═════ Information provided ═════

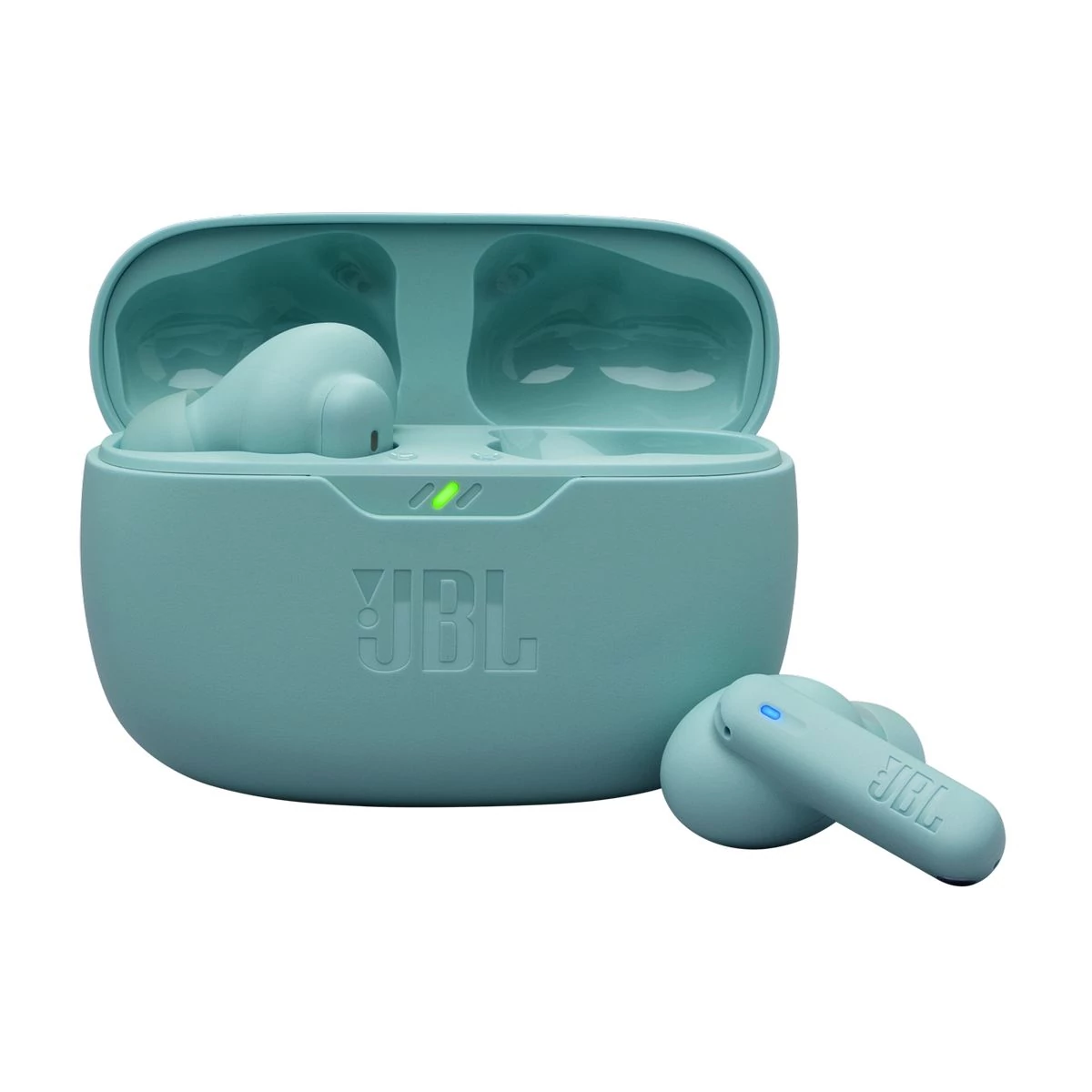 Kép 2/3 - JBL Wave Beam 2 TWS Bluetooth In-Ear fülhallgató, kék EU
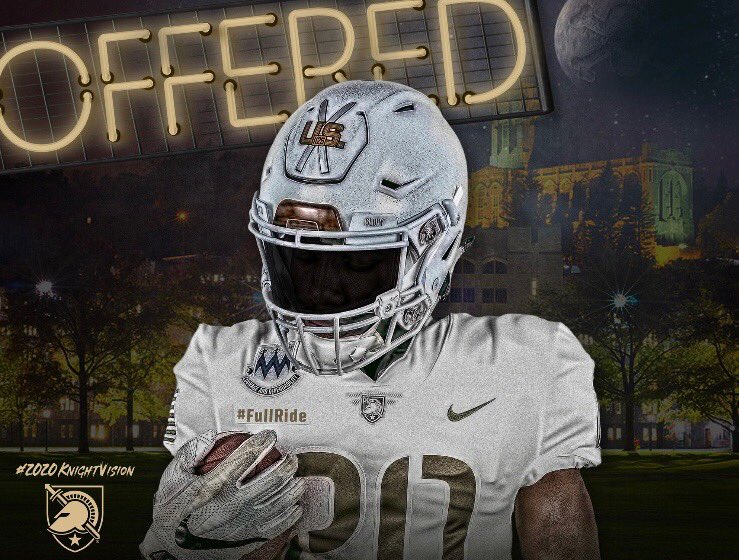 _corilewis_'s tweet photo. #AGTG Extremely grateful to say I have received my first Division 1 offer from Army West Point!!! https://t.co/TC7VQBkzkk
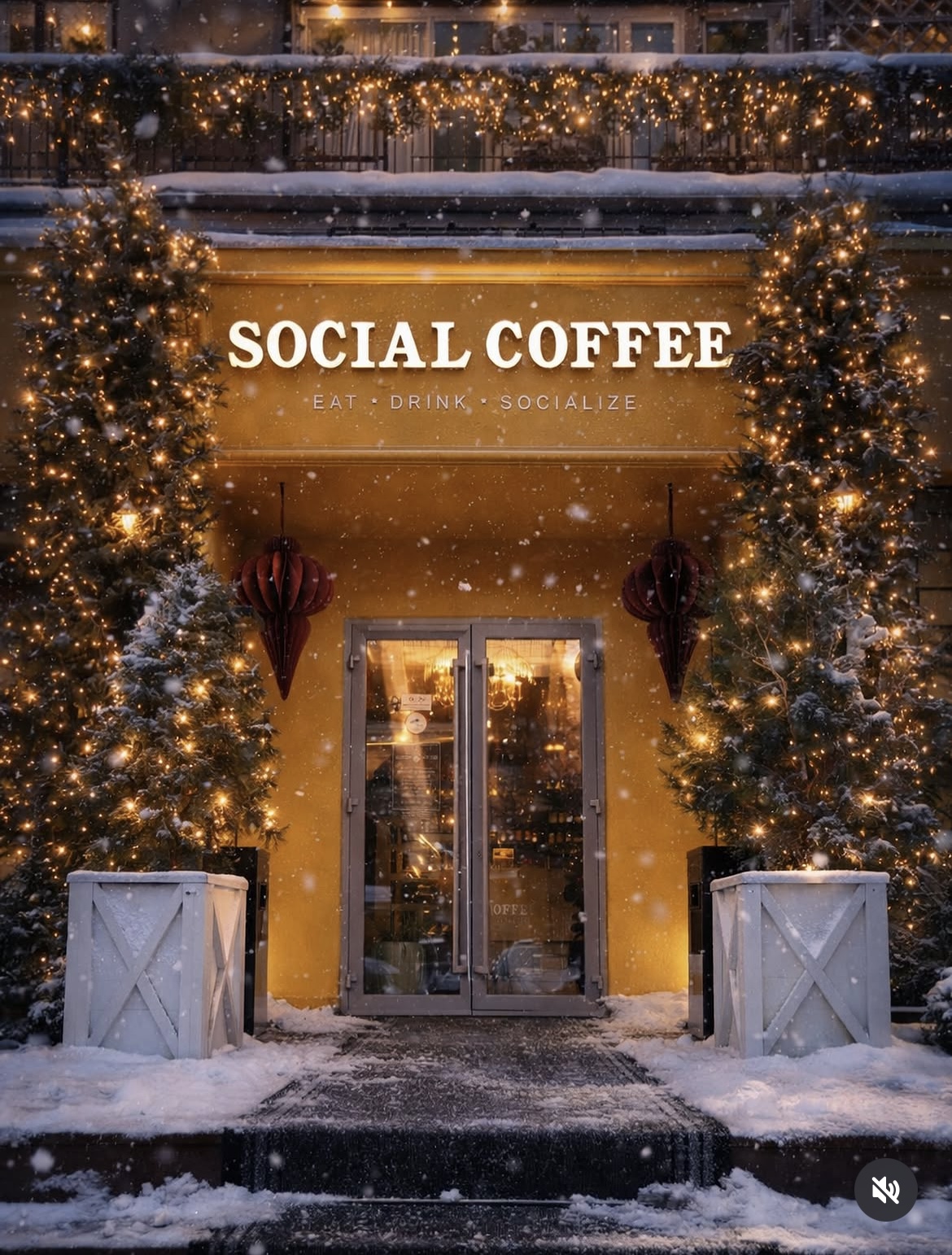 Social Coffee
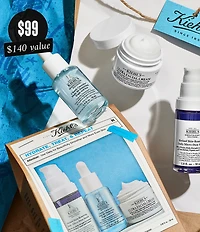 Kiehl's Since 1851 Hydrate, Treat, & Repeat Gift Set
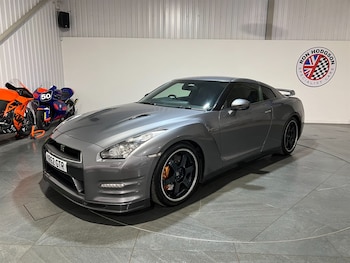 Used Nissan GT-R 2012 for sale - 75570271: Photo
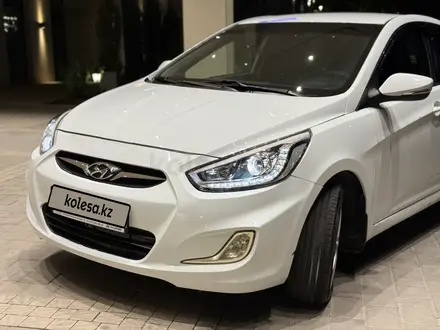 Hyundai Accent 2013 года за 4 300 000 тг. в Шымкент – фото 9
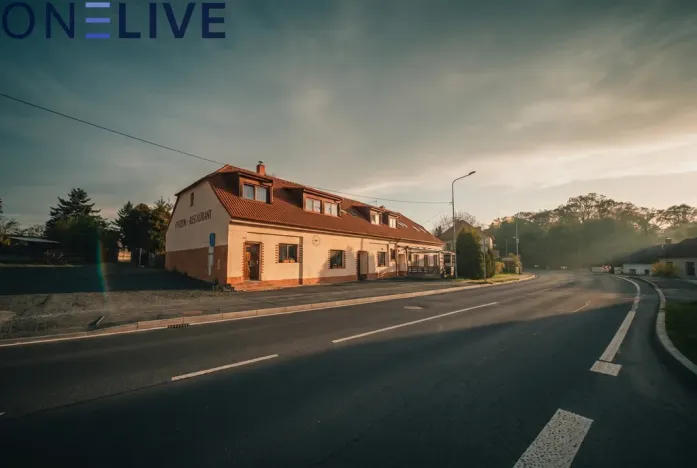 Prodej ubytování, Úlice, 600 m2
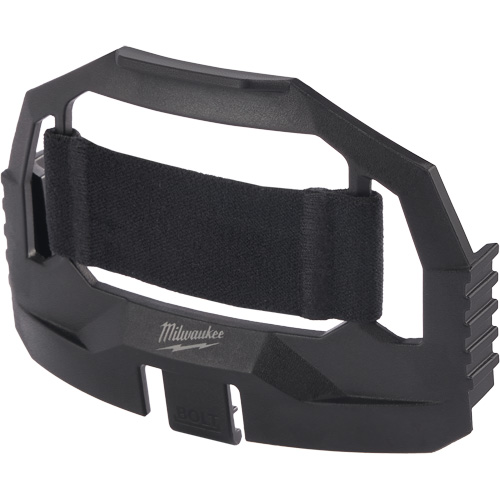 Bolt Low-Profile Headlamp Mount NRZ Safety Inc.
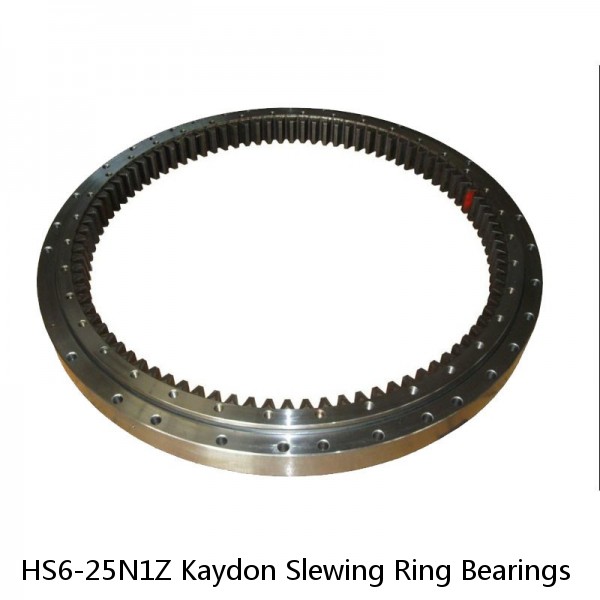 HS6-25N1Z Kaydon Slewing Ring Bearings #1 small image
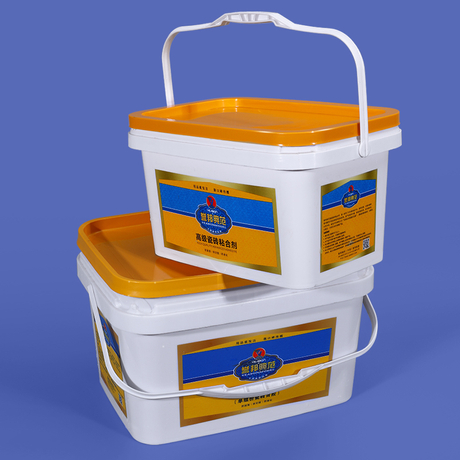 3L -rechteckiger Eimer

═════

What this task involves -
Retype the entries above word for word, minus any images.

Result for this exercise -
 Kép 2/3 - JBL Wave Beam 2 TWS Bluetooth In-Ear fülhallgató, kék EU
 _corilewis_'s tweet photo. #AGTG Extremely grateful to say I have received my first Division 1 offer from Army West Point!!! https://t.co/TC7VQBkzkk
 Social Coffee
 Kiehl's Since 1851 Hydrate, Treat, & Repeat Gift Set
 Used Nissan GT-R 2012 for sale - 75570271: Photo
 Hyundai Accent 2013 года за 4 300 000 тг. в Шымкент – фото 9
 Prodej ubytování, Úlice, 600 m2
 Bolt Low-Profile Headlamp Mount NRZ Safety Inc.
 HS6-25N1Z Kaydon Slewing Ring Bearings #1 small image
 3L -rechteckiger Eimer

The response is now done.